=Paper= {{Paper |id=Vol-2262/ekaw-poster-22 |storemode=property |title=Extracting Information from Medieval Notarial Deeds |pdfUrl=https://ceur-ws.org/Vol-2262/ekaw-poster-22.pdf |volume=Vol-2262 |authors=Charlene Ellul,Charlie Abela,Joel Azzopardi |dblpUrl=https://dblp.org/rec/conf/ekaw/EllulAA18 }} ==Extracting Information from Medieval Notarial Deeds== https://ceur-ws.org/Vol-2262/ekaw-poster-22.pdf
                  Extracting Information from
                   Medieval Notarial deeds?

               Charlene Ellul1 , Joel Azzopardi1 and Charlie Abela1

                         University of Malta, Malta
charlene.ellul@um.edu.mt joel.azzopardi@um.edu.mt charlie.abela@um.edu.mt



        Abstract. The Notarial Archives in Valletta houses a collection of Latin
        Notarial deeds that has not been exploited yet. In this paper, Machine
        Learning techniques are proposed and implemented to extract entities
        such as people, place names, dates, deed types and keywords from these
        historical texts. Both supervised and unsupervised techniques are con-
        sidered and compared with baseline models. Experimental results on a
        subset of these documents are already showing results that outperform
        the baselines for Latin text such as those from CLTK. Evaluation was
        carried out using indexes of four published Notarial Registers.

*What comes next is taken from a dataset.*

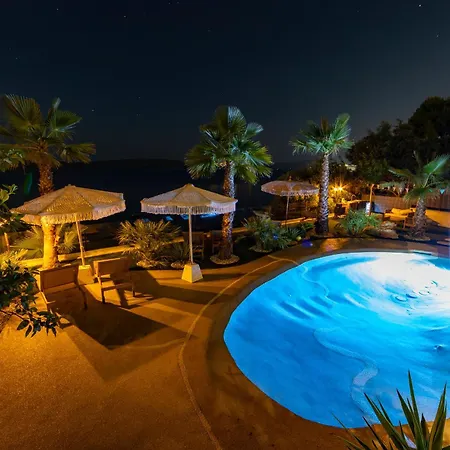 Daire Palmezzo Beachfront With Heated Pool Trogir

        Keywords: Named Entity Recognition · Keyphrase Extraction · Text
        Classification · Latin Text · Historical Texts


1     Introduction

Archives around the world are a source of hidden information. One of these
archival gems is found at the Notarial Archives in Valletta, Malta and houses
around 20,000 notarial deeds dating back to the 13th century. It is typically the
case that archives publish high quality images and metadata of the structure
of historical documents, but the content itself is not exposed in a meaningful
way to aid historians. In literature, some researchers [1] dedicated their efforts
to mine data from medieval Latin documents. The extraction of named entities
such as dates, places and people can be used to aid historical research in areas
such as genealogy and toponymy.
   Most of the notarial deeds found in the Valletta archives fall under categories
such as wills, dowry and transfer of land. Although some notaries used to write
the deed type, this was not a requirement. Thus, text classification can be used
to maximize the use of the remaining words to predict the presented deed type.
Automatic keyphrase extraction can be used to express a document as a set of
keywords/keyphrases[2]. A notarial deed can be represented in a similar way to
shed light on its content and avoid unnecessary handling whilst also reducing
the time required for archival researchers and enthusiasts to find what they are
looking for.
?
    This work is partially funded by project E-18LO28-01 as part of the collaboration
    between the Notarial Archives in Valletta and the University of Malta.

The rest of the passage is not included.